Abschließend weist der Senat noch darauf hin, dass auch der Umstand, dass beim Kläger die Schwerbehinderteneigenschaft mit einem GdB von 80 festgestellt ist, zu keiner anderen Bewertung führt, denn dem kommt hinsichtlich der zumutbaren beruflichen Einsetzbarkeit keinerlei Aussagekraft zu (BSG, Beschluss vom 19.09.2015, B 13 R 290/15 B, in juris, Rdnr. 5).

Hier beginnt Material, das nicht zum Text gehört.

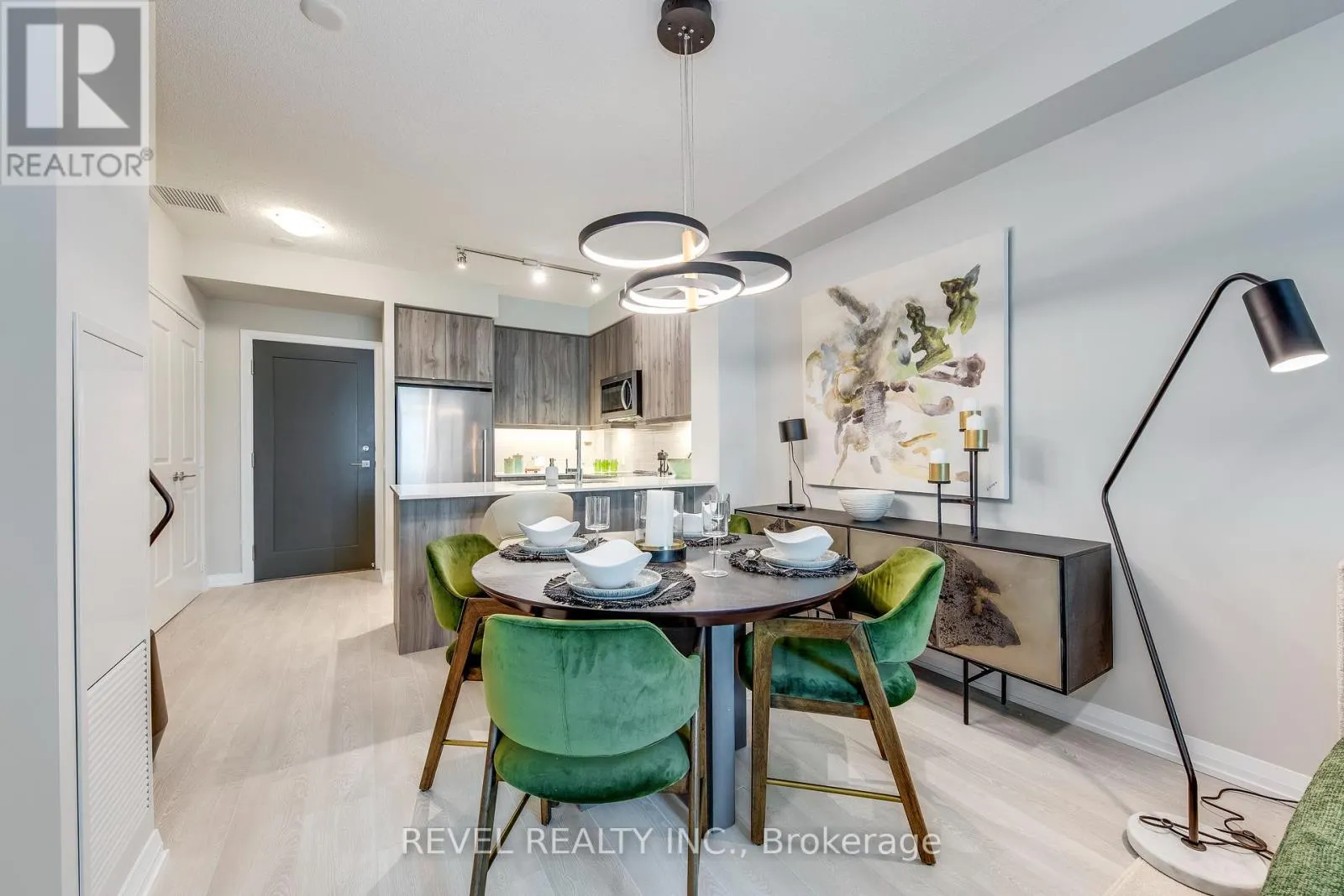 1802 - 15 WATERGARDEN DRIVE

Ebenso ist unerheblich, ob dem Kläger überhaupt ein freier Arbeitsplatz angeboten werden kann, denn dieses Risiko trägt die Arbeitsverwaltung, nicht jedoch die gesetzliche Rentenversicherung, welche ihre Versicherten allein vor den Nachteilen einer durch Krankheit oder Behinderung geminderten Leistungsfähigkeit zu schützen hat (vgl. BSG, Urteil vom 14.05.1996, 4 RA 60/94, in SozR 3-2600 § 43 Nr. 13).

Die Kostenentscheidung beruht auf § 193 SGG.

Gründe für die Zulassung der Revision liegen nicht vor.